- **SUPPLIED INFORMATION**
====

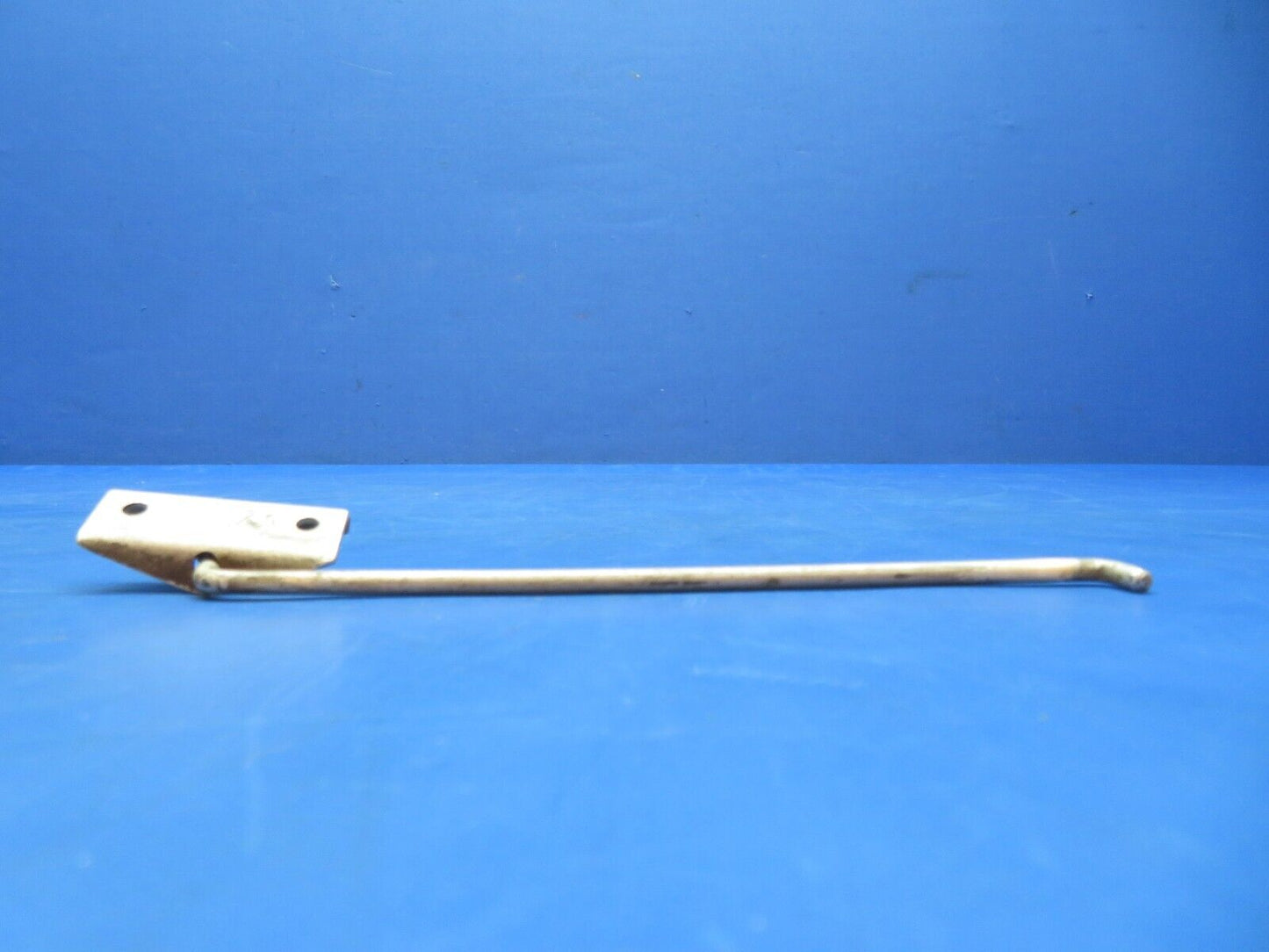 Cessna 310 / 310I Nacelle Door Stay Rod Bracket P/N 0851806-5 (1023-178)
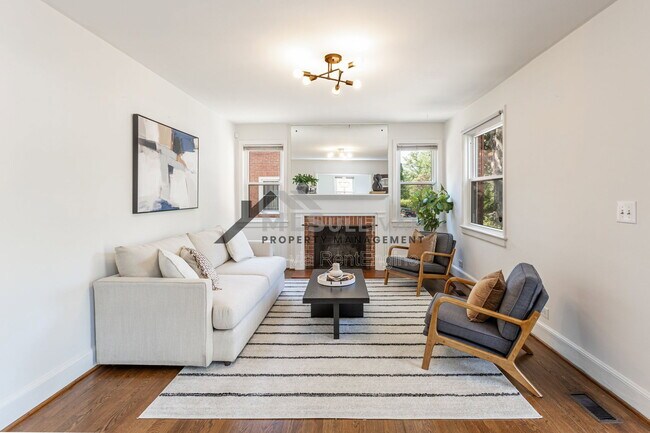 Building Photo - 2414 Farthing St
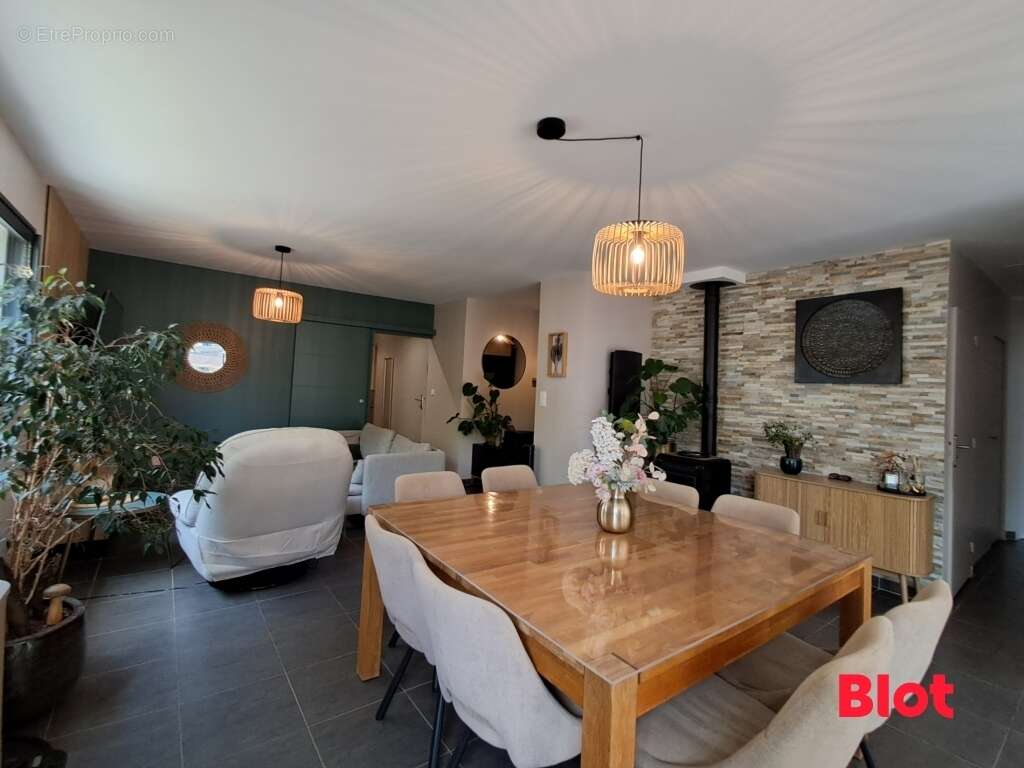 Maison à MINIAC-MORVAN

====

Output all of the data above exactly; no pictures should appear.

 Cessna 310 / 310I Nacelle Door Stay Rod Bracket P/N 0851806-5 (1023-178)
 Building Photo - 2414 Farthing St
 Maison à MINIAC-MORVAN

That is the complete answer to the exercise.